É aí que se escancara a porta aos marialvas e caçadores de fortunas, como Ernest Burkhart, regressado como veterano da Primeira Guerra Mundial que aterra na região dos campos de petróleo para se juntar a William ‘King’ Hale, um latifundiário local, embora, hélas, com terras limpas de petróleo, apenas calhadas para criação de gado. Ao sobrinho irá sugerir a corte à índia Mollie, numa prestação justíssima de Lily Gladstone (a mais justa nomeação aos prémios do cinema do final do ano). Antes dela própria ser visada pelas teias e intrigas de Hale e Burkhart.
De rei do gado, Hale passará a ser conhecido pelo ‘o reino do terror’, pela forma sibilina como foi introduzindo no sobrinho a mesquinhez de se acercar da possibilidade da herança desses direitos. É precisamente essa dúvida que fará com que o aparente amor que tenha pela mulher seja temperado por uma certa ambiguidade de fundo negro, de resto, reforçada pelas doses de insulina, com veneno, para combater a sua diabetes.
Scorsese vai gerindo, com um cinema suave toda esta narrativa, este longo lamento, devidamente traduzido pela banda sonora de Robbie Robertson, que se nos coloca debaixo da pele, como que a deixar ferver em lume brando, bem como pela montagem habitual de Thelma Shoonmaker, ainda que, sem gestos de cinema que nos fiquem na memória.
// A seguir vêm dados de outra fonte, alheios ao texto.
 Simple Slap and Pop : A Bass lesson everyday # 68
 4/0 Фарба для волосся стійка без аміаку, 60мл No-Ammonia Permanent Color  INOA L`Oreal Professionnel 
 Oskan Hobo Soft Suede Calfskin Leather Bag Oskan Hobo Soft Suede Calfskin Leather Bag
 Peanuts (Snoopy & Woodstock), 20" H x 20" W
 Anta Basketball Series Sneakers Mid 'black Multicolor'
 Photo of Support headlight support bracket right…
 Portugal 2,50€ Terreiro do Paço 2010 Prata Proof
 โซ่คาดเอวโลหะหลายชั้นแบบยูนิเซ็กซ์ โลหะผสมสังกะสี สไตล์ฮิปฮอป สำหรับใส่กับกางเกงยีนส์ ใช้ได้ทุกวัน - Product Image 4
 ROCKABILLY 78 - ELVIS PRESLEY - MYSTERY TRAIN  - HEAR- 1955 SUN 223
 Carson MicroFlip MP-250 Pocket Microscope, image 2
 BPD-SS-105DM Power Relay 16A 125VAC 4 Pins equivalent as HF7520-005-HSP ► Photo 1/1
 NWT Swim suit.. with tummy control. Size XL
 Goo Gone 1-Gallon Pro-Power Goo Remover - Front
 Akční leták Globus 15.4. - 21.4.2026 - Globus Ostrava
Dir-se-ia, já conformado com um look entre a tela grande e a pequena. Ainda assim, apostará nos dotes interpretativos de DiCaprio, sobretudo na sua expressão facial contorcida, mais na parte final, a sublinhar o’boneco’ de dimensão hiper-expressiva. Curiosamente, compensando com um De Niro muito mais sóbrio que a sua notável galeria de ‘monstros’.
Curiosamente, é no final que Martin Scorsese nos reserva uma saborosa surpresa feel good, ao ensaiar este assombroso conto dentro da dramatização de espetáculo radiofónico, plena de efeitos sonoros, devidamente patrocinado por uma marca de tabaco, em estilo de história de true crime. Uma opção que acaba por funcionar, até para sublinhar o seu lado mais inacreditável, com o detalhe inédito do próprio realizador a aparecer numa inesperada cameo dirigindo essa dramatização final dos eventos. Finalmente, Marty tem o seu western. Pelo menos, o seu neo-western.